Records contained in a dataset:
--*--
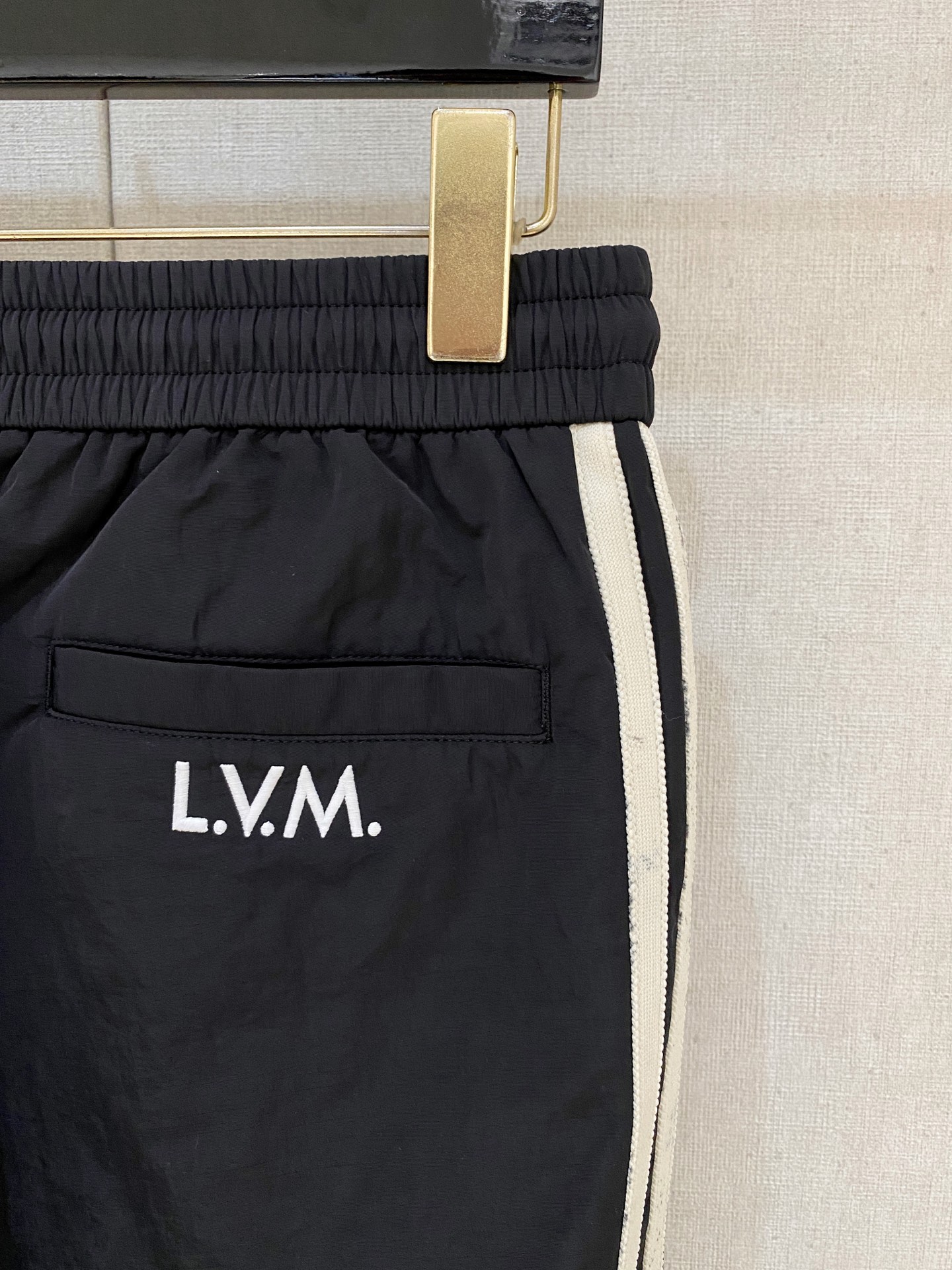 LV一比一男士運動褲LVM字樣設計撞色側條輕量材質｜歐美奢侈品精品推薦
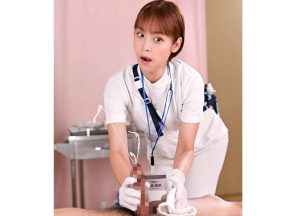 長期入院の青年のチンポ洗浄。おばさん看護婦がワザと手コキのような仕草でシコシコ洗浄。羞恥青年。フル勃起したチンポに興奮したナースが・・・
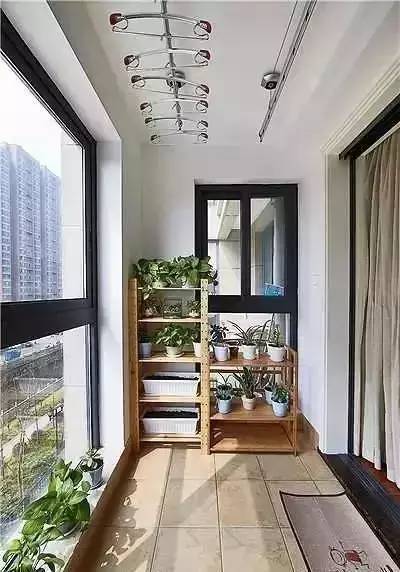 這才叫陽台,你家的頂多叫水泥地!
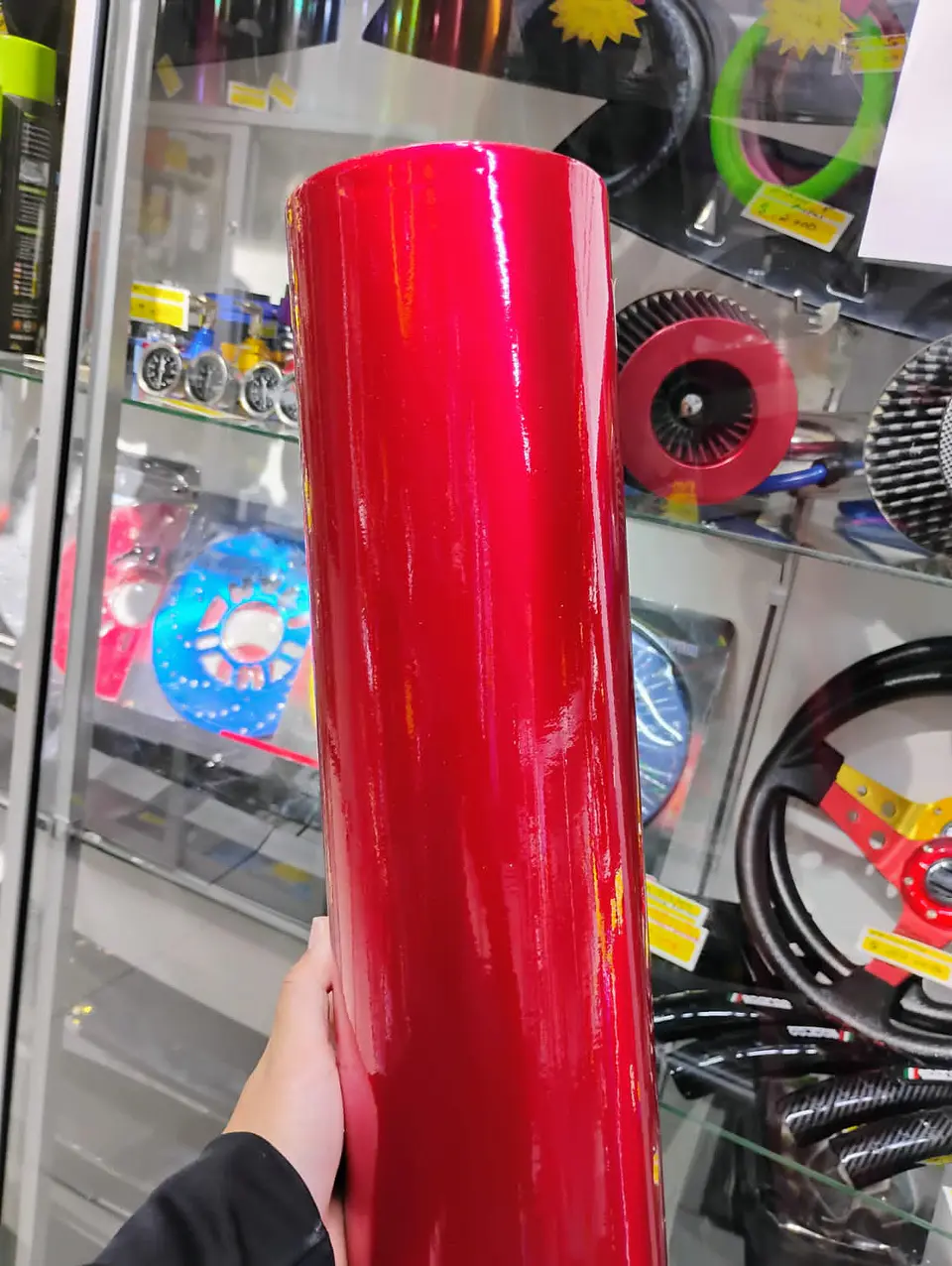 Papel vinilo adhesivo decorativo para wrapping de autos rojo candi 16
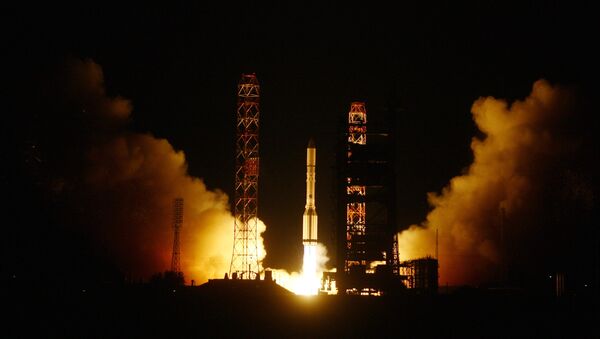 Entra en funcionamiento el nuevo satélite de comunicaciones ruso Express AM6 - Sputnik Mundo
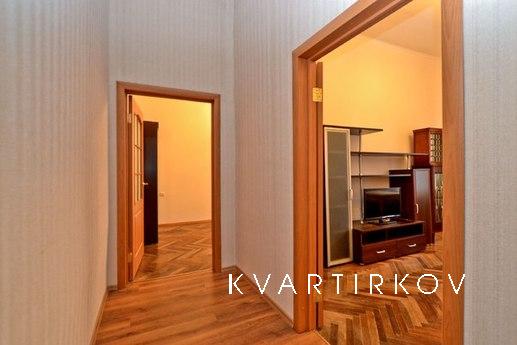 The apartment is in the center., Saint Petersburg - apartment by the day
--*--
■ WHAT TO WORK ON: Set down each entry above word for word, without its pictures.

■ RESPONSE FOR THIS EXERCISE:
 LV一比一男士運動褲LVM字樣設計撞色側條輕量材質｜歐美奢侈品精品推薦
 長期入院の青年のチンポ洗浄。おばさん看護婦がワザと手コキのような仕草でシコシコ洗浄。羞恥青年。フル勃起したチンポに興奮したナースが・・・
 這才叫陽台,你家的頂多叫水泥地!
 Papel vinilo adhesivo decorativo para wrapping de autos rojo candi 16
 Entra en funcionamiento el nuevo satélite de comunicaciones ruso Express AM6 - Sputnik Mundo
 The apartment is in the center., Saint Petersburg - apartment by the day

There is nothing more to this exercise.